> Data:
-------

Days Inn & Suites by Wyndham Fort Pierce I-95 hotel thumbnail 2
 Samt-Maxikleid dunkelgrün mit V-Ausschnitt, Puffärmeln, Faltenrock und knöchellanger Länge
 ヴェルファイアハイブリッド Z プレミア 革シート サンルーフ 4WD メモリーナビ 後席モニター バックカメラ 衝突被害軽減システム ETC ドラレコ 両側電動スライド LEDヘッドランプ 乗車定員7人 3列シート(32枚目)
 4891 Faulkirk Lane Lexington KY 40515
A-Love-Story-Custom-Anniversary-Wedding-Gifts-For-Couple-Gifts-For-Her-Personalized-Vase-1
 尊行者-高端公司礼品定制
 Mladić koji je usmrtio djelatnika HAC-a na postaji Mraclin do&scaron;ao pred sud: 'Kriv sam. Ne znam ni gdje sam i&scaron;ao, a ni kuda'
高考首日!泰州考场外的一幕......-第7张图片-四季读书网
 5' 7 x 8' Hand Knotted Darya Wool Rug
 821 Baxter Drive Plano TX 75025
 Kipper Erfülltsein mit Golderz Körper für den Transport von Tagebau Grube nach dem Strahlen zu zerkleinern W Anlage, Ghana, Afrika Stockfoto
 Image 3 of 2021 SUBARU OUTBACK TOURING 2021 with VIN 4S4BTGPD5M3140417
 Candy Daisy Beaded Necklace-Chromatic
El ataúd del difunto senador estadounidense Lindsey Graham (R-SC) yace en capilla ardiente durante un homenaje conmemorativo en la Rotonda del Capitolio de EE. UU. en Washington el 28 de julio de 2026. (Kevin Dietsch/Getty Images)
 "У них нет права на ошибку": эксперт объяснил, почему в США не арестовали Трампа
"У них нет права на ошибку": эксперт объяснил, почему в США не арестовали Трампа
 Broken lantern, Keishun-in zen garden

-------

Above are the records; from them, give again exactly the lines from the one containing "ヴェルファイアハイブリッド Z プレミア" through the one containing "Candy Daisy Beaded Necklace-Chromatic", both included.

> Solved problem:
 ヴェルファイアハイブリッド Z プレミア 革シート サンルーフ 4WD メモリーナビ 後席モニター バックカメラ 衝突被害軽減システム ETC ドラレコ 両側電動スライド LEDヘッドランプ 乗車定員7人 3列シート(32枚目)
 4891 Faulkirk Lane Lexington KY 40515
A-Love-Story-Custom-Anniversary-Wedding-Gifts-For-Couple-Gifts-For-Her-Personalized-Vase-1
 尊行者-高端公司礼品定制
 Mladić koji je usmrtio djelatnika HAC-a na postaji Mraclin do&scaron;ao pred sud: 'Kriv sam. Ne znam ni gdje sam i&scaron;ao, a ni kuda'
高考首日!泰州考场外的一幕......-第7张图片-四季读书网
 5' 7 x 8' Hand Knotted Darya Wool Rug
 821 Baxter Drive Plano TX 75025
 Kipper Erfülltsein mit Golderz Körper für den Transport von Tagebau Grube nach dem Strahlen zu zerkleinern W Anlage, Ghana, Afrika Stockfoto
 Image 3 of 2021 SUBARU OUTBACK TOURING 2021 with VIN 4S4BTGPD5M3140417
 Candy Daisy Beaded Necklace-Chromatic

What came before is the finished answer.